§ **Problem details**
I would like each line of the data that holds the word "behind" copied out.

______________________________

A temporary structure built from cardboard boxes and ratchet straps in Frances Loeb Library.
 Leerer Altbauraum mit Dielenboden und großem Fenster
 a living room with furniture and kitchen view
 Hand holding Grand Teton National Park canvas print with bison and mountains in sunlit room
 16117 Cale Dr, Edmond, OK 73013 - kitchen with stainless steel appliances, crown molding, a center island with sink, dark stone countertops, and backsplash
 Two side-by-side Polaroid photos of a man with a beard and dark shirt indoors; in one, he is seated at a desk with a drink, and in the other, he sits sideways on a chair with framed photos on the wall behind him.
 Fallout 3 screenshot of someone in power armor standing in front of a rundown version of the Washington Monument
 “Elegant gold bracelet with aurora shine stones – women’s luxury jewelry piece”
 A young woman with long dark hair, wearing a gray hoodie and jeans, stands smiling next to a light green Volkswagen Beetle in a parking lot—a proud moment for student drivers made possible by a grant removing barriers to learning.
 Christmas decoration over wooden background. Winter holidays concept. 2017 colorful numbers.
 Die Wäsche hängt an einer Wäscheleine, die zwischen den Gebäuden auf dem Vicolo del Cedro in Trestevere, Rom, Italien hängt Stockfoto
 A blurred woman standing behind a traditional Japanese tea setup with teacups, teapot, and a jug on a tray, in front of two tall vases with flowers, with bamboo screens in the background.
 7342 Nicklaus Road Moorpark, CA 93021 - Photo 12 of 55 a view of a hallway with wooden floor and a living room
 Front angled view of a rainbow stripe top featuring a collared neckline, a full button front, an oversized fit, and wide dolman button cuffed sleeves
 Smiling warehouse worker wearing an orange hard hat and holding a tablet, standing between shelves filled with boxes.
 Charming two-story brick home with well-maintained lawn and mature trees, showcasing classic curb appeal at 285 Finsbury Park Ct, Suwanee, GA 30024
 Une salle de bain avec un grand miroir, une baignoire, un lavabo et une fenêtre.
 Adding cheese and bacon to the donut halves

______________________________

§ **Worked solution**
 Two side-by-side Polaroid photos of a man with a beard and dark shirt indoors; in one, he is seated at a desk with a drink, and in the other, he sits sideways on a chair with framed photos on the wall behind him.
 A blurred woman standing behind a traditional Japanese tea setup with teacups, teapot, and a jug on a tray, in front of two tall vases with flowers, with bamboo screens in the background.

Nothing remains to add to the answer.